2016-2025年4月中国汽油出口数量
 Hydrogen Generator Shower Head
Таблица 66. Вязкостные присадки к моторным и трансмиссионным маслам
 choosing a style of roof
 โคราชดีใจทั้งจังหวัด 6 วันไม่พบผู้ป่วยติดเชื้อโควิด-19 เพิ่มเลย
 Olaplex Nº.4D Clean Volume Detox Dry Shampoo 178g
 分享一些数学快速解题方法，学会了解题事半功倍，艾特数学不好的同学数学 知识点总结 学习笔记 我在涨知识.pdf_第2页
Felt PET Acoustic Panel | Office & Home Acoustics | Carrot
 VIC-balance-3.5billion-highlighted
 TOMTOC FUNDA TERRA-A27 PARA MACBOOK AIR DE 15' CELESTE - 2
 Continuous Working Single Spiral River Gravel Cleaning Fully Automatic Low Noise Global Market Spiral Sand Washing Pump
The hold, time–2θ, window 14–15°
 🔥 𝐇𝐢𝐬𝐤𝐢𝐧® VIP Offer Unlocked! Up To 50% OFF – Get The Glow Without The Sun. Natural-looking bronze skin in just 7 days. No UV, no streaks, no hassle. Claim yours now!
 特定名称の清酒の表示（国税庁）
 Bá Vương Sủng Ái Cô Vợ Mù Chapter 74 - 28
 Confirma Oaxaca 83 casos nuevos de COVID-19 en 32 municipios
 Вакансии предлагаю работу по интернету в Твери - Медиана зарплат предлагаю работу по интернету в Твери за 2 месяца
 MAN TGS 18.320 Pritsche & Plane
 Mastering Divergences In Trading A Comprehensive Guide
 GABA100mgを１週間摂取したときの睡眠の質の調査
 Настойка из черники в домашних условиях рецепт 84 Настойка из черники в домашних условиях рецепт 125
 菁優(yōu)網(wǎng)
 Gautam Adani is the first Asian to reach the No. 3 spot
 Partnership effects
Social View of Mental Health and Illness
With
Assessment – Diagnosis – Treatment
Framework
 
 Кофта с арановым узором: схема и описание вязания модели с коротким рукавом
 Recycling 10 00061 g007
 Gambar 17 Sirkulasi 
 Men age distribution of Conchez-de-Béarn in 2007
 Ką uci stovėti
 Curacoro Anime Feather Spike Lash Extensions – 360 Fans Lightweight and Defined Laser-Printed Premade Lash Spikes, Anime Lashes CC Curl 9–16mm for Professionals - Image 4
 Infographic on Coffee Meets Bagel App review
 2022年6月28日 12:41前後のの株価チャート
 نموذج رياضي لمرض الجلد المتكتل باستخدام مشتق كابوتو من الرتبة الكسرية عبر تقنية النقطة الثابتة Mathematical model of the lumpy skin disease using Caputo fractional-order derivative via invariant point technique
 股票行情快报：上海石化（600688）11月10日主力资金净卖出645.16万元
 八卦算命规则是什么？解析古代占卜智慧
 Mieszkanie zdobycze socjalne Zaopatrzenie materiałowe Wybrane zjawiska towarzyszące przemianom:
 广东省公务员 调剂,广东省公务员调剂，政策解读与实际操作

▶ **EXERCISE REQUIREMENTS**
Take the lines from the top of the data through the one that contains "Continuous Working Single" and copy them exactly, leaving out every line after it.

▶ **RESPONSE TO THIS TASK**
2016-2025年4月中国汽油出口数量
 Hydrogen Generator Shower Head
Таблица 66. Вязкостные присадки к моторным и трансмиссионным маслам
 choosing a style of roof
 โคราชดีใจทั้งจังหวัด 6 วันไม่พบผู้ป่วยติดเชื้อโควิด-19 เพิ่มเลย
 Olaplex Nº.4D Clean Volume Detox Dry Shampoo 178g
 分享一些数学快速解题方法，学会了解题事半功倍，艾特数学不好的同学数学 知识点总结 学习笔记 我在涨知识.pdf_第2页
Felt PET Acoustic Panel | Office & Home Acoustics | Carrot
 VIC-balance-3.5billion-highlighted
 TOMTOC FUNDA TERRA-A27 PARA MACBOOK AIR DE 15' CELESTE - 2
 Continuous Working Single Spiral River Gravel Cleaning Fully Automatic Low Noise Global Market Spiral Sand Washing Pump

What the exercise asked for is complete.